## Task brief
The listing below holds pictures; exclude them. Return exactly the lines from the one with "New reservoir, which" through the one with "It shows how".

## Records to process
★ ★ ★ ★ ★
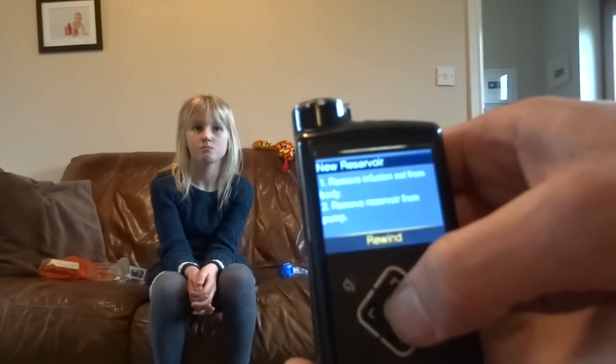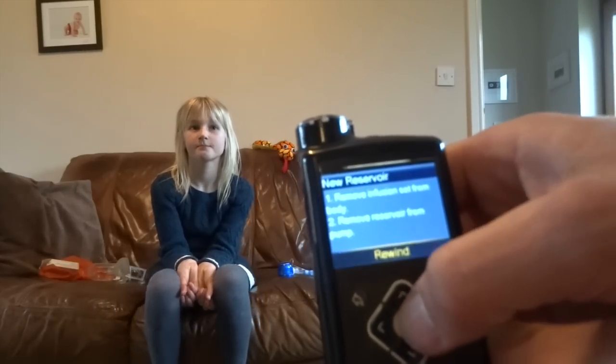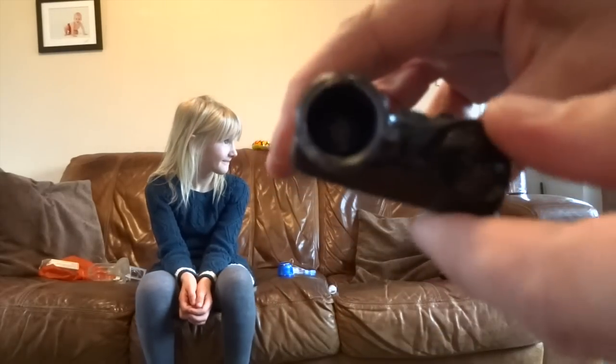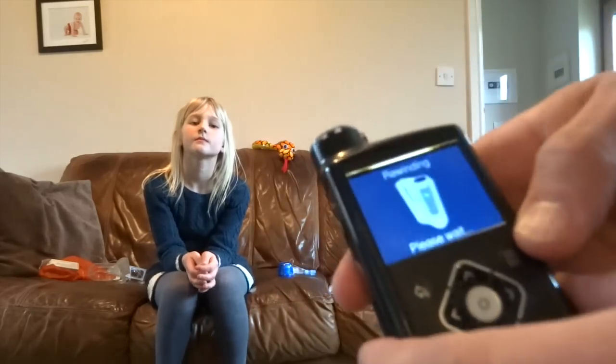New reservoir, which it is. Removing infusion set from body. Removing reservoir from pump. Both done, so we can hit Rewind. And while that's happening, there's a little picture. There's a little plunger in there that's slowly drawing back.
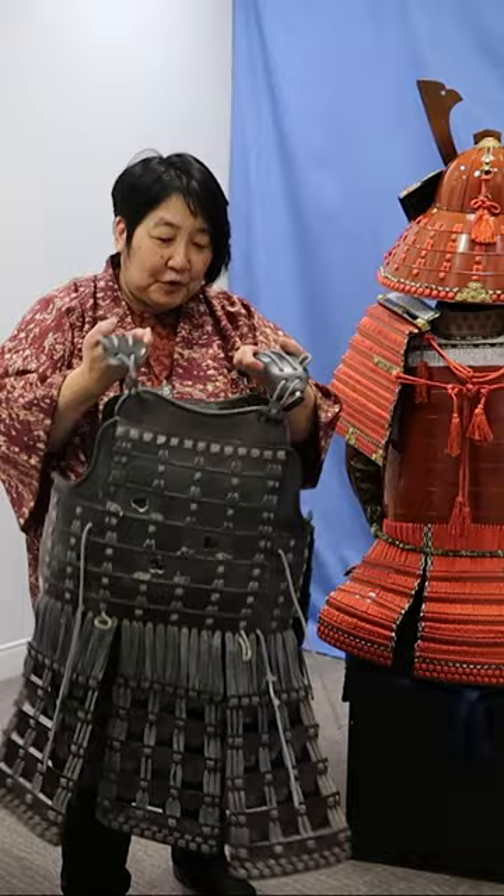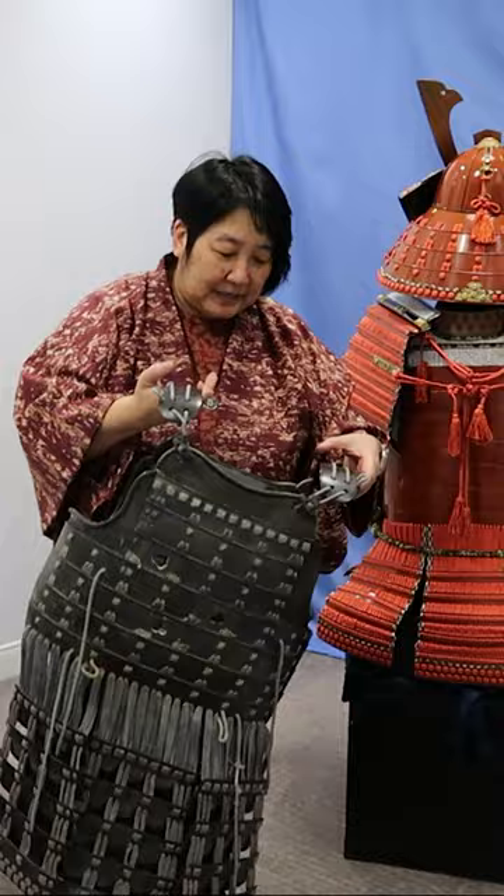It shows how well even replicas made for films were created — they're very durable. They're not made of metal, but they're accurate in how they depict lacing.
★ ★ ★ ★ ★
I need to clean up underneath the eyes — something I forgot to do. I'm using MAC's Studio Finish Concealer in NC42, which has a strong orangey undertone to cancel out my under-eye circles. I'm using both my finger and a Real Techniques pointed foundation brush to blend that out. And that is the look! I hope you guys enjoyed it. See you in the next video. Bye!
★ ★ ★ ★ ★
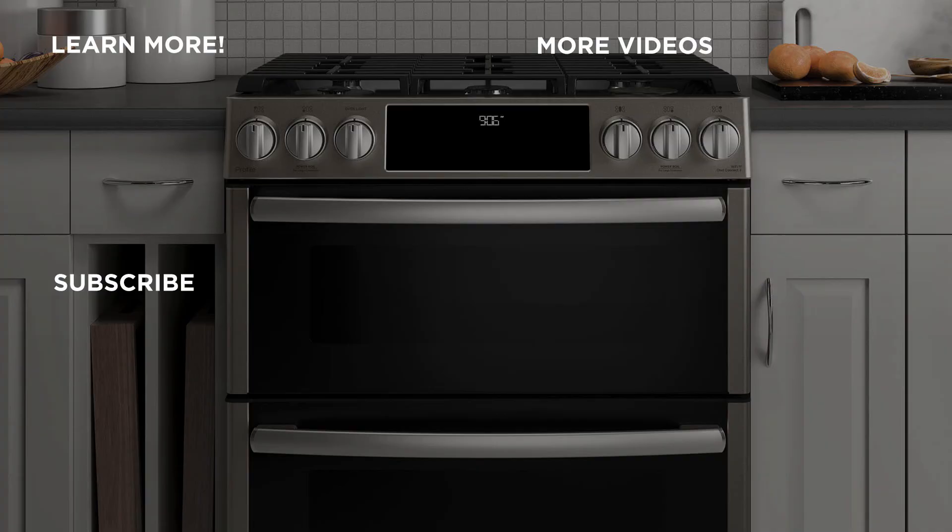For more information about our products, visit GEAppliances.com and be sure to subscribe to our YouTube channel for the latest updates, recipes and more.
★ ★ ★ ★ ★
## Written solution
New reservoir, which it is. Removing infusion set from body. Removing reservoir from pump. Both done, so we can hit Rewind. And while that's happening, there's a little picture. There's a little plunger in there that's slowly drawing back.
It shows how well even replicas made for films were created — they're very durable. They're not made of metal, but they're accurate in how they depict lacing.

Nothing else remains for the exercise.